Die digitale Weichenstellung der EU – Was bedeutet das für die Schweiz?
Am 13. Februar 2025 veröffentlichte die Interdepartementale Koordinationsgruppe EU-Digitalpolitik (IK-EUDP) eine umfassende Analyse zu den Auswirkungen der europäischen Digitalpolitik auf die Schweiz. Im Fokus stehen 33 zentrale Massnahmen und Regularien der EU, darunter der AI Act, der Data Act und der Cyber Resilience Act. Diese Regulierungsvorhaben könnten nicht nur den Binnenmarktzugang von Schweizer Unternehmen zum EU-Raum betreffen, sondern auch bereits bestehende Handels- und Datenschutzabkommen zwischen der Schweiz und der EU beeinflussen.

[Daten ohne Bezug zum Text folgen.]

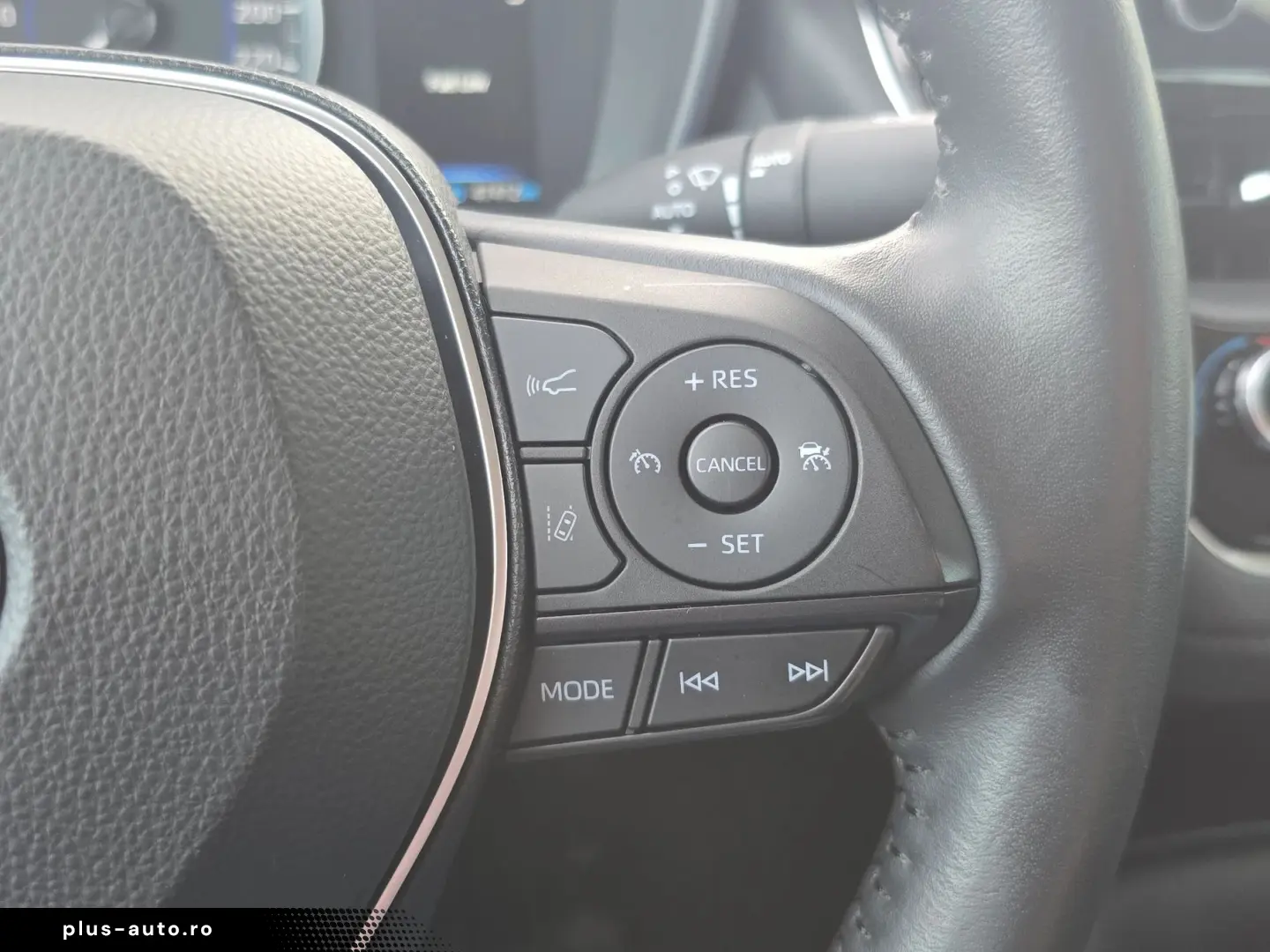 Toyota Corolla Hybrid - Business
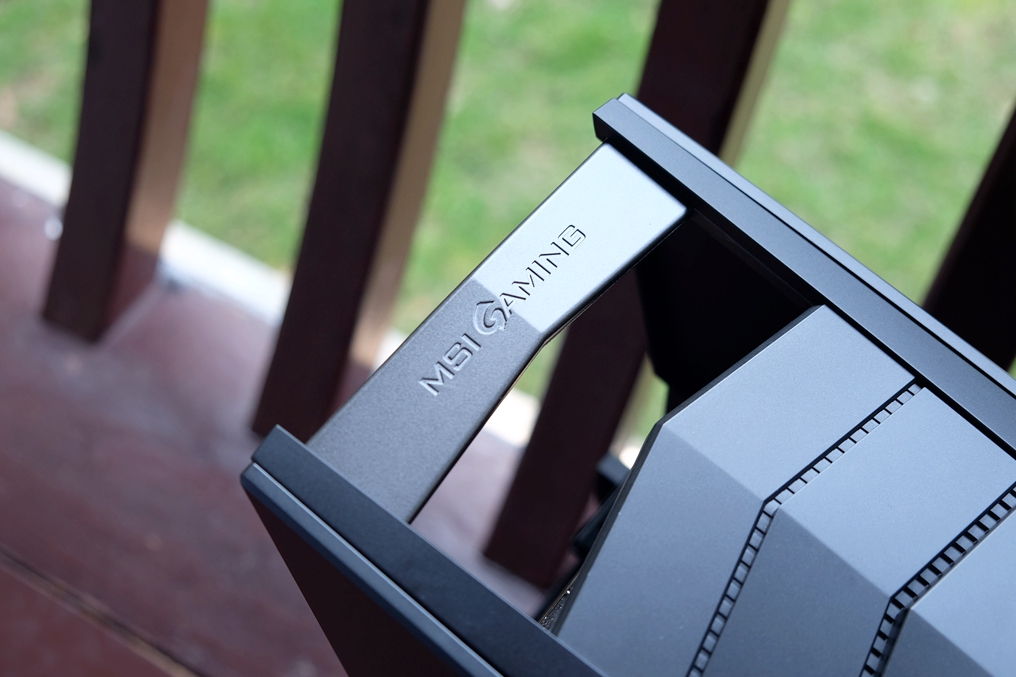 是谁？重头定义电竞主机，全面实测：宙斯盾3/Aegis3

Überblick über zentrale Regulierungsbereiche
- AI Act (Verordnung 2024/1689)
Der AI Act legt strikte Anforderungen an Künstliche Intelligenz fest, insbesondere für Hochrisiko-KI-Systeme. Schweizer Unternehmen, die KI-gestützte Produkte oder Dienstleistungen in der EU anbieten, müssen sich an die neuen Vorgaben halten, was eine Anpassung der Compliance-Strategien und Risiko-Managementsysteme erforderlich macht.
- Cyber Resilience Act (Verordnung 2024/2847)
Die EU führt erstmals eine einheitliche Regelung für Cybersicherheitsanforderungen von digitalen Produkten ein. Hersteller müssen Cybersicherheit bereits bei der Produktentwicklung berücksichtigen und verpflichten sich zur Meldung von Sicherheitsvorfällen. Dies betrifft auch Schweizer Unternehmen, die Produkte auf dem EU-Markt anbieten. Auch hier steigen die Compliance-Anforderungen.
- Data Act (Verordnung 2023/2854)
Der Data Act regelt den fairen Zugang zu Industriedaten und legt fest, wer auf welche nicht-personenbezogenen Daten zugreifen darf. Für Schweizer Unternehmen bedeutet dies potenzielle Anpassungen ihrer Datenstrategie, insbesondere wenn sie als Datenhalter oder -verarbeiter in der EU tätig sind.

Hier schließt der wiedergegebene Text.